Сегодняшним утром, в плену непрекращающегося снегопада, я чувствовал лишь пустоту и усталость. Эдвард же, напротив, бурно разыгрывал сцену из воображаемого представления, носился взад-вперед по комнате, громко провозглашая с сильным беркширским акцентом: «Я – король Георг III!» Гарольд, привыкший, как самый младший, развлекать себя играми, которые редко нравились кому-то еще, кроме него, изображал «светского человека». Он неторопливо прогуливался по комнате под руку с воображаемым спутником преклонных лет, периодически посещал с ним воображаемые клубы, неспешно преодолевал воображаемые ступени, просматривал воображаемые газеты, обсуждал воображаемые сплетни, по-взрослому качая головой, и, что самое прискорбное, подносил к губам воображаемые бокалы. Бог знает почему, такое унылое времяпрепровождение казалось привлекательным ему, мальчишке. Он сам придумал эту игру и очень гордился ею. Между тем, мы с Шарлоттой, устроившись на подоконнике, завороженно следили за вихрем и кружением бесчисленных снежинок, обволакивающих наш веселый мир какой-то странной, призрачной пеленой.
Шарлотта в тот день была очень расстроена. За завтраком она поспорила с мисс Смедли, и чтобы убедить ее, процитировала что-то из своей любимой книжки сказок. В ответ гувернантка мягко, но твердо сообщила ей, что таких существ, как феи, на самом деле не существует.
– Ты хочешь сказать, что сказки врут? – прямо спросила Шарлотта.
Мисс Смедли не одобряла употребление таких грубых слов.
– Каждая сказка, – объяснила она, – построена на ошибочном антропоморфизме, одушевлении природы. Но сегодня, мы слишком хорошо осведомлены о том, как все устроено, чтобы верить во все это. Однако, не стоит расстраиваться, дорогая, хоть это и вымысел, он может научить тебя многому…
– Чему можно научиться у того, чего не существует? – упорствовала Шарлотта.
Сестренка осталась при своем мнении, но настроение у нее испортилось.
– Не обращай на нее внимания, – утешал я Шарлотту, – откуда ей-то знать! Она не может даже метко бросить камень!
– Эдвард тоже говорит, что сказки – вздор, – с сомнением возразила Шарлотта.
– Эдвард все называет вздором, – объяснил я, – он вообще собирается в армию. В книге не может быть написана ложь, это точно!
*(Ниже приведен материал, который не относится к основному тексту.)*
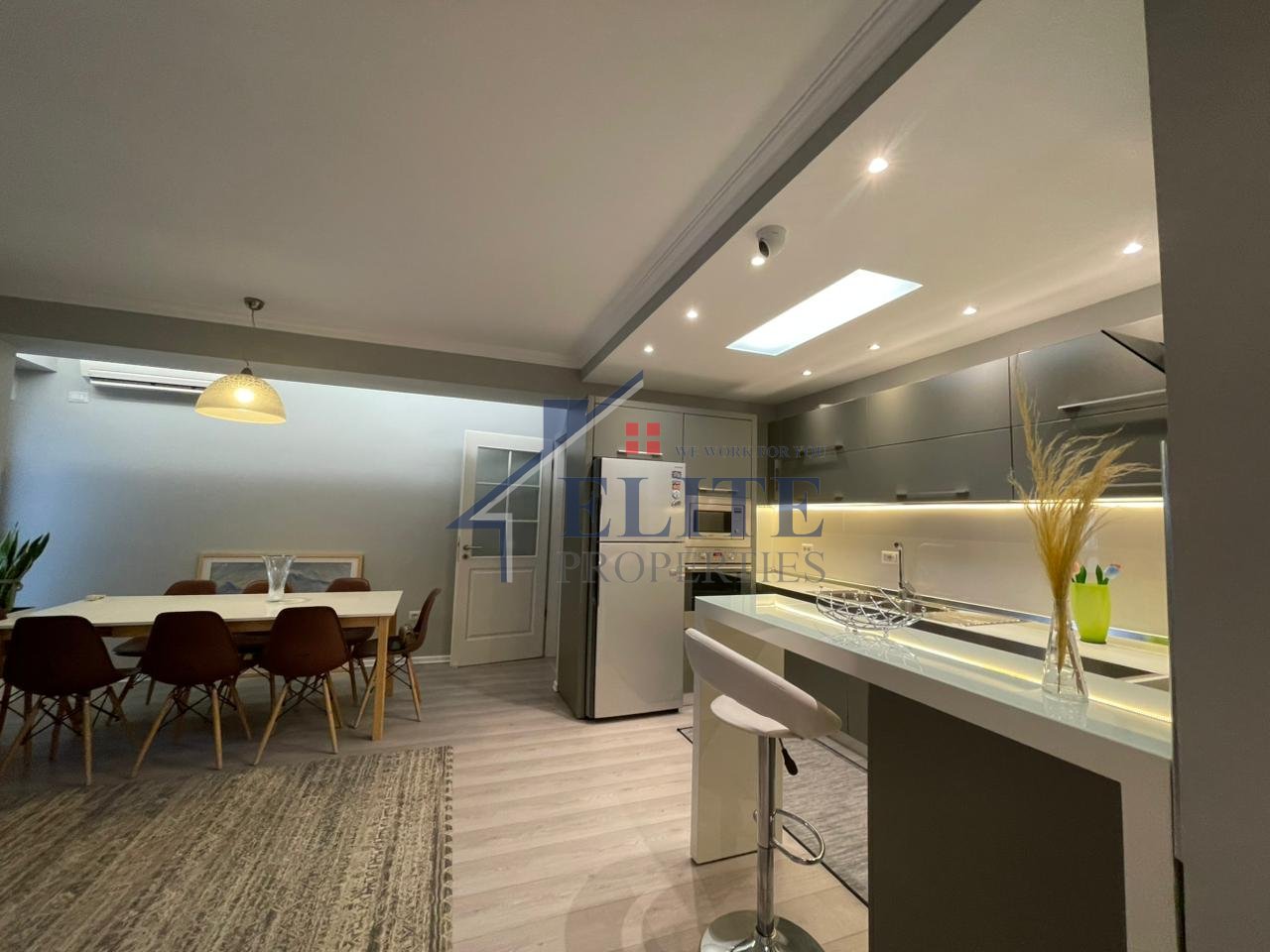 Rr. Vaso Pasha Bllok, apartament 2+1 me qira
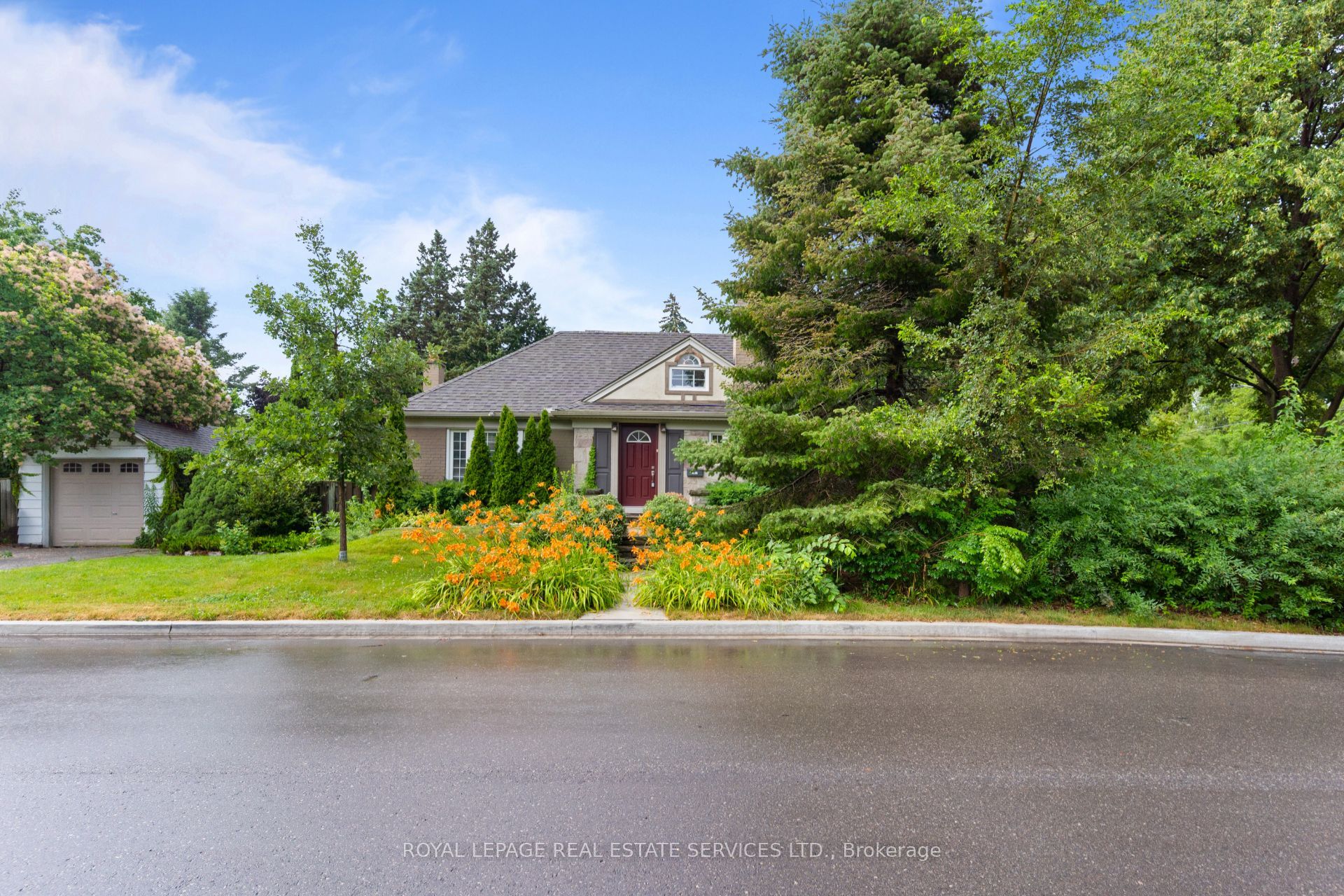 2 Glenroy Avenue, Toronto, ON M8Y 3X8 photo 2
Шарлотта почти успокоилась. Эдвард успел к этому времени победить дракона и теперь проделывал в нем дырки с урчащим звуком. Гарольд восходил по ступеням знаменитого клуба «Атенеум» с весьма самодовольным видом. Снаружи, верхушки высоких вязов поглотила снежная буря.
– Небо падает, – нежно произнесла Шарлотта, – я должна сказать об этом королю.
Это была цитата из сказки про курочку, которую что-то ударило по голове, и она решила, что небо падает. Я сказал, что готов почитать ей вслух и потянулся за книгой. Но эльфы и феи оставались пока в немилости: скептические намеки гувернантки отравили все удовольствие. Поэтому, я с радостью взял книгу о короле Артуре. Для Шарлотты она была второй по значимости, ей нравились странствующие наездницы, встречавшиеся на ее страницах, для нас же, мальчишек – первой, потому что мы обожали рыцарские турниры и мчащихся навстречу друг другу всадников с копьями наперевес. Однако, злой рок преследовал нас в тот день. На беду я открыл книгу на самой грустной истории, истории о двух братьях Балине и Балане, зарубивших друг друга по ошибке.
– И выехав из леса, – читал я, – он услышал сигнал охотничьего рога, который подают, когда олень мертв. «Этот сигнал, – сказал Балин, – звучит для меня, ибо я и есть тот трофей, хотя я и не мертв пока».
Тут Шарлотта заплакала, она знала, что произойдет в конце. Я в отчаянии захлопнул книгу. Гарольд выглянул из-за спинки кресла. Он сосал большой палец, что члены английских клубов делают довольно редко, и удивленно глазел на заплаканную сестру. Эдвард отбросил лицедейство и ринулся утешать Шарлотту. Эта новая роль показалась ему интересной.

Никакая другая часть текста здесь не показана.